В Триоди после шестой песни помещен синаксарь, который в приходском служении опускается. Ему предшествуют стихи, которые по своей краткости и глубине достаточно успешно соперничают с другими литургическими текстами, поэтому всегда интересно к ним обратиться. Здесь не один цикл стихов, а целых четыре. Эти стихи — не то, что мы себе представляем в виде стихотворения, а буквально две строчки, и ничего формально поэтического в славянском переводе мы в них не увидим, ни метра, ни рифмы, но все равно это стихи. Стихи первые, «на священное умовение»:
«Умывает учеников в вечер Бог ноги,
Егоже нога попирая 6е во Едеме прещение древле».
Непостижимо, как Бог умывает ноги ученикам, в то время как Его нога попирает древнее прещение, древнее запрещение входить в рай.
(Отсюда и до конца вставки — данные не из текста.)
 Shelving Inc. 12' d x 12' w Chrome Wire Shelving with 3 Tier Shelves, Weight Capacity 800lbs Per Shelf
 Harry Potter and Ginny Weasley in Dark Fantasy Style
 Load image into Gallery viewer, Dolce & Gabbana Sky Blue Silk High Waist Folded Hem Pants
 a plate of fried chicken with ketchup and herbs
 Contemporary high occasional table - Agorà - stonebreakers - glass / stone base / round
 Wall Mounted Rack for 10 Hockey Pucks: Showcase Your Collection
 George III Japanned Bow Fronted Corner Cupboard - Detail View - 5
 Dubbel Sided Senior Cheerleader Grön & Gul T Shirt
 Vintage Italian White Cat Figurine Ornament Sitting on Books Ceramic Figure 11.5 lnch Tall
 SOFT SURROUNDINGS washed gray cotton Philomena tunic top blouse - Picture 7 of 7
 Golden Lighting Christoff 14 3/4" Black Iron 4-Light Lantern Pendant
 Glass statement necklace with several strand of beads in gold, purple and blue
Он Сам побеждает древнюю клятву, попирает ее ногой, но Он же наклоняется к ногам Своих учеников и их умывает. Тут нам явлено одновременно непостижимое величие Божества и Его самоуничижение.
Следующие стихи «на таинственную вечерю», т. е. об этом таинственном ужине, на котором была совершена Пасха иудейская и установлено таинство Евхаристии.
«Сугубая вечеря, Пасху бо закона носит,
и Пасху новую, Кровь, Тело Владычнее».
«Сугубая вечеря» значит двойная вечеря. Эта трапеза несет двойной смысл — она является исполнением ветхозаветного указания о совершении Пасхи, мистической трапезы, связанной с воспоминанием исхода Израиля из Египта, и являет нам Пасху новую — вкушение Тела и Крови Господа.
«На преестественную молитву стихи» — следующая тема Великого Четверга. Ведь Господь и ученики после Тайной вечери пошли, воспевше псалом, в Гефсиманский сад. Молитва в Гефсиманском саду называется преестественной — превыше естества, потому что она сопровождалась кровавым потом Спасителя. Здесь так говорится:
«Молитва и страшилище (молитва и в то же время нечто нас ужасающее, нечто для нас страшное) труды кровей: Христе лицу яве моляся. Смерть, врага прельщая в сих».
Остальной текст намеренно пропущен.